No ato impugnado, o ministro Edson Fachin (relator) negou seguimento ao recurso ordinário. Explicitou que o recorrente sustentava a quebra de imparcialidade do juiz condutor da ação penal, substancialmente sob a argumentação de que: (i) ao tomar diretamente o depoimento de colaboradores no momento da celebração de acordo de colaboração premiada, o magistrado teria participado da própria produção da prova na fase investigativa, exercendo, ao menos materialmente, as atribuições próprias dos órgãos de persecução. Por tais razões, estaria caracterizada hipótese de impedimento estabelecida no art. 252 do Código de Processo Penal (CPP) (1), notadamente em seu inciso II; e (ii) ao determinar ex officio a juntada aos autos de documentos utilizados para fundamentar a condenação, após a apresentação de alegações finais, o magistrado teria suprido a insuficiência probatória da acusação prevista no art. 156 do CPP (2). Este cenário, na visão da defesa, acarretaria a absolvição do acusado, ora recorrente.

Prevaleceu o voto do ministro Gilmar Mendes, que foi acompanhado pelo min. Ricardo Lewandowski.

O ministro Gilmar Mendes afirmou que este recurso trata da proteção à imparcialidade jurisdicional e de sua efetividade. Frisou ainda a importância da imparcialidade como base da jurisdição.

Reportou-se à jurisprudência do Supremo Tribunal Federal (STF) no sentido da inconstitucionalidade de dispositivo legal em que autorizada a possibilidade de o julgador realizar a coleta de provas que poderiam servir, mais tarde, como fundamento da sua própria decisão (ADI 1.570). De igual modo, mencionou entendimento do STF segundo o qual o princípio fundante do sistema ora analisado, a toda evidência, é o princípio acusatório, norma decorrente do due process of law e prevista de forma marcante no art. 129, I, da Constituição Federal (CF) (3), o qual exige que o processo penal seja marcado pela clara divisão entre as funções de acusar, defender e julgar (ADI 4.414).

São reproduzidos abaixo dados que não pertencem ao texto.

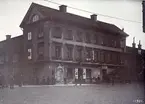 Trots att den så kallade Westmanska gården invid Stora torget i Linköping revs så sent som 1907, har påfallande få fotografier av huvudbyggnaden bevarats för eftervärlden. Här hade den i övrigt så skicklige fotografen Didrik von Essen uppenbara bekymmer med det sena kvällsljuset, men hans vy från 1901 ger oss ändå en god föreställning om hur bebyggelsen i torgets sydvästra del tog sig ut vid tiden. Gatuhuset mot torget torde uppförts kort efter den stora stadsbranden i Linköping år 1700, som för övrigt startade i just denna gård. Gården blev under det sena 1700-talet säte för familjen Westmans blomstrande handelsrörelse och huvudbyggnaden bär tydliga spår av senare utförda om- och tillbyggnader för att bättre passa den förmögna släkten. Vid tiden för bilden ägdes stadsgården ännu av en Westman, den för Linköpings kulturliv så betydelsefulle Henric Westman, men han höll huset uthyrt och bodde själv på sin gård Valla väster om staden. I gatuplanet drevs i det centralt belägna huset som brukligt handel. Störst yta upptogs av AB Sundquists & Co, en snus- och tobaksaffär som drevs av änkefru Mathilda Ekström. I husets andra ände hade Tannefors Nya Valskvarn handel med mjöl, gryn och torrjäst, men plats gavs även för systrarna Lovisa Charlotta och Johanna Augusta Johanssons kaffeservering. I den storslagna montern mot hörnet av Bokhållaregatan gjorde fotografen Swen Swenssons reklam för sina alster. Gården revs 1907 för att ge plats för det så kallade Centralpalatset.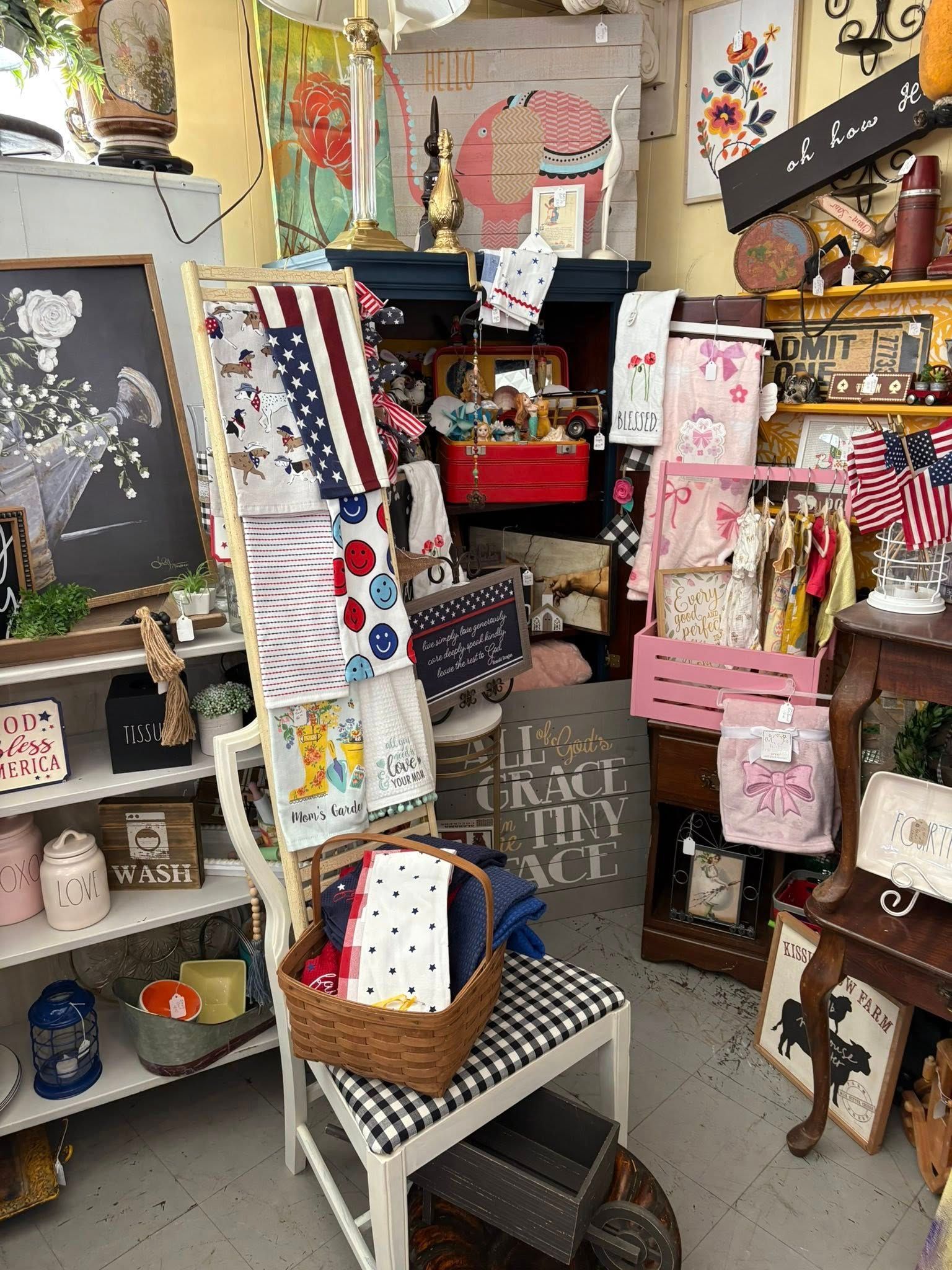 Cluttered craft shop display with handmade cards, signs, baskets, and colorful decorations.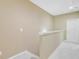 Neutral hallway with beige walls, white trim, and access to various rooms, creating a cohesive and clean transition at 1215 Dingle Rd, Mount Pleasant, SC 29466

Na sequência, informou que o modelo acusatório determina, em sua essência, a separação das funções de acusar, julgar e defender, e, assim, tem como escopo fundamental a efetivação da imparcialidade do juiz. A CF consagra o sistema acusatório no processo penal brasileiro, o que impõe a separação das funções de acusar e julgar a atores distintos na justiça criminal. Contudo, a mera separação formal não é suficiente, devendo-se vedar a usurpação das funções acusatórias pelo juiz e, também, a sua união ilegítima em detrimento da paridade de armas.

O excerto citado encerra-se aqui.